EXERCISE BRIEF
Copy exactly the lines of the data below, beginning with the line with "11-14 533 0025" and ending with the line with "2018 Kia Sorento LX FWD - 22905605 - 2". Pictures are to be omitted.

____ DATA SUPPLIED

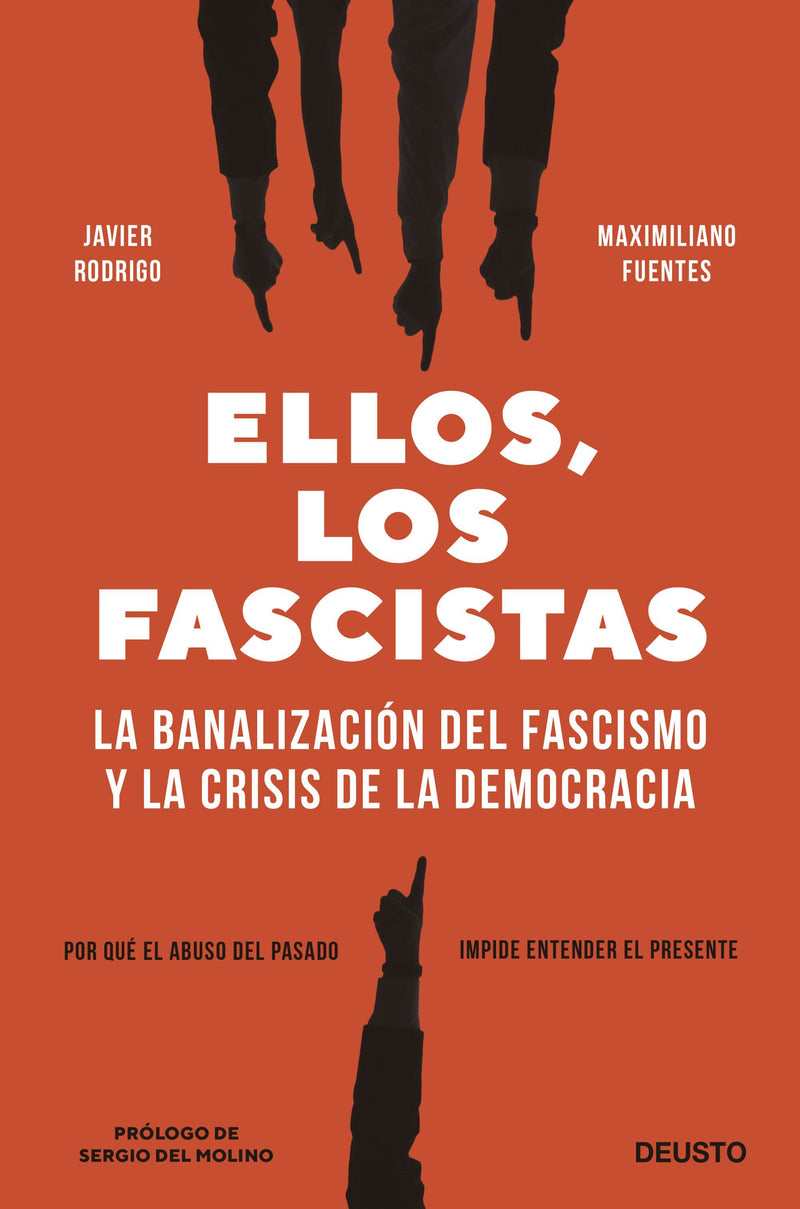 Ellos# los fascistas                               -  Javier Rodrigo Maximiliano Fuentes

________
____ DATA SUPPLIED

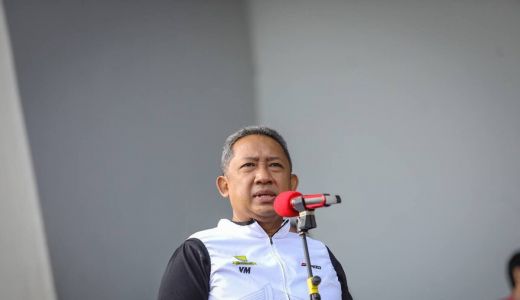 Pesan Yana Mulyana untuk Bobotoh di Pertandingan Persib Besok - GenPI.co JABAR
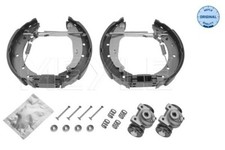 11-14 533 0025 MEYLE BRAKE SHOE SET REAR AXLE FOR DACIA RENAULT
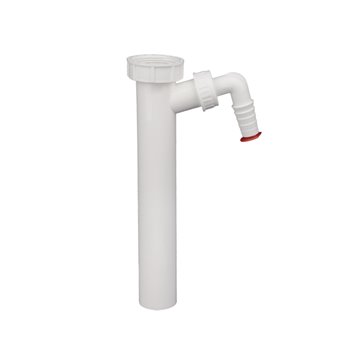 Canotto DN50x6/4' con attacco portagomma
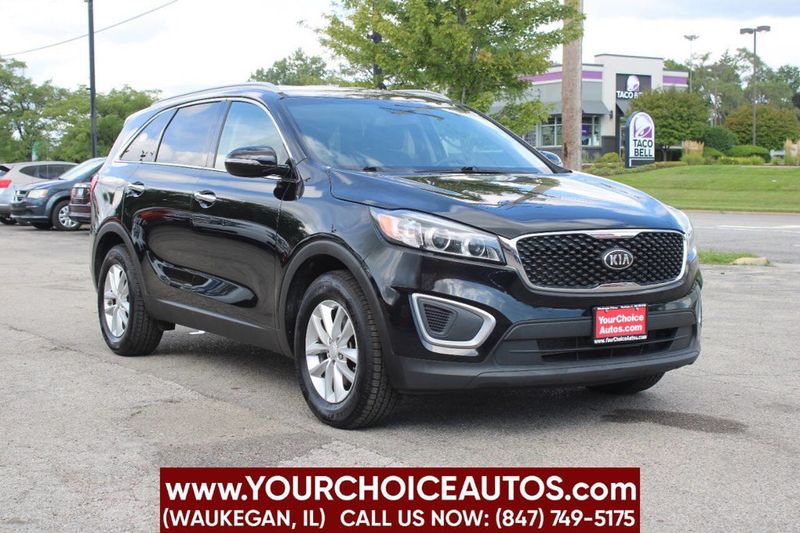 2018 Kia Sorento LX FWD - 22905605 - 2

________

SOLUTION FOR THIS EXERCISE
 11-14 533 0025 MEYLE BRAKE SHOE SET REAR AXLE FOR DACIA RENAULT
 Canotto DN50x6/4' con attacco portagomma
 2018 Kia Sorento LX FWD - 22905605 - 2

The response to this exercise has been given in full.